Fünf neue belletristische Werke, in denen sich immer wieder und unterschiedlich die Frage stellt: gehen oder bleiben bzw. weichen.

«Links hoch geht ein Wanderpfad, der im Schnee fast nicht zu erkennen ist. Ein knallgelbes Schild vor dem schneedüsteren Himmel zeigt an, dass man in zwei Stunden zum Gipfel kommt. Unterhalb davon am Pfahl ein laminierter Zettel auf Holz: Allgemeines Betretungsverbot! Akute Stein- und Blockschlaggefahr! Um es noch deutlicher zu machen, ist auf der anderen Seite des Pfads ein Pflock eingehauen und quer eine Kette gespannt. Sie stapft über die verschneite Wiese und beginnt zu klettern.»
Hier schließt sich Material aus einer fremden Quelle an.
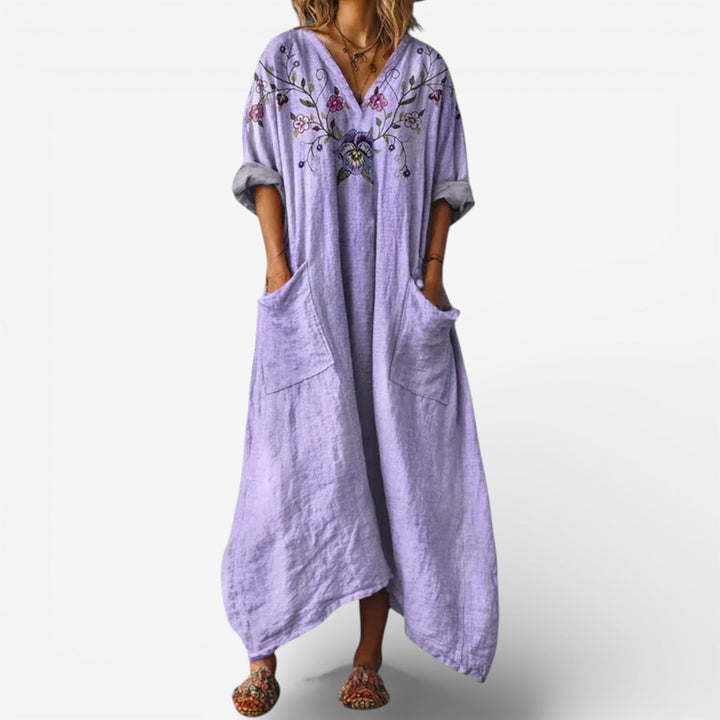 Azenelle - שמלת מקסי קז'ואל אופנתית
Ob das gut kommt, wenn die junge Johanna aus Deutschland, die vor kurzem mit ihren Eltern ins fiktive Bergdorf Vischnanca im Bündnerland gezogen ist, die Wegsperrung ignoriert und erst noch im Winter zum Piz Brunclia hochsteigen will, zu diesem Berg, der unaufhaltsam gegen das Dorf rutscht? Natürlich nicht! Aber Johanna – sie ist eine der Kapitelfiguren im Roman „Von Gehen und Bleiben“ von Petra Hucke – will diesen Schicksalsberg aus der Nähe kennenlernen, der alles durcheinander bringt, geologische, gesellschaftliche und soziale Gefüge, diese abrutschende Masse aus Gestein und Schutt, die Einheimische und Zugewanderte gleichermassen verzweifeln und hoffen lässt. Der Berg muss sich nicht entscheiden, ob er bleibt oder geht – er kommt einfach. Petra Hucke, Autorin und Übersetzerin in München, hat das (Über)leben des Dorfes Brienz/Brinzauls im Albulatal, das vom dortigen Piz Linard, bedroht wird, in einen vielschichtigen, wegweisenden und stabilen Roman gepackt. Zu lesen in Brienz, aber eher im Berner Brienz am gleichnamigen See, weil dort die Unterkünfte vielfältig, während sie im Bündner rar bis nicht vorhanden sind.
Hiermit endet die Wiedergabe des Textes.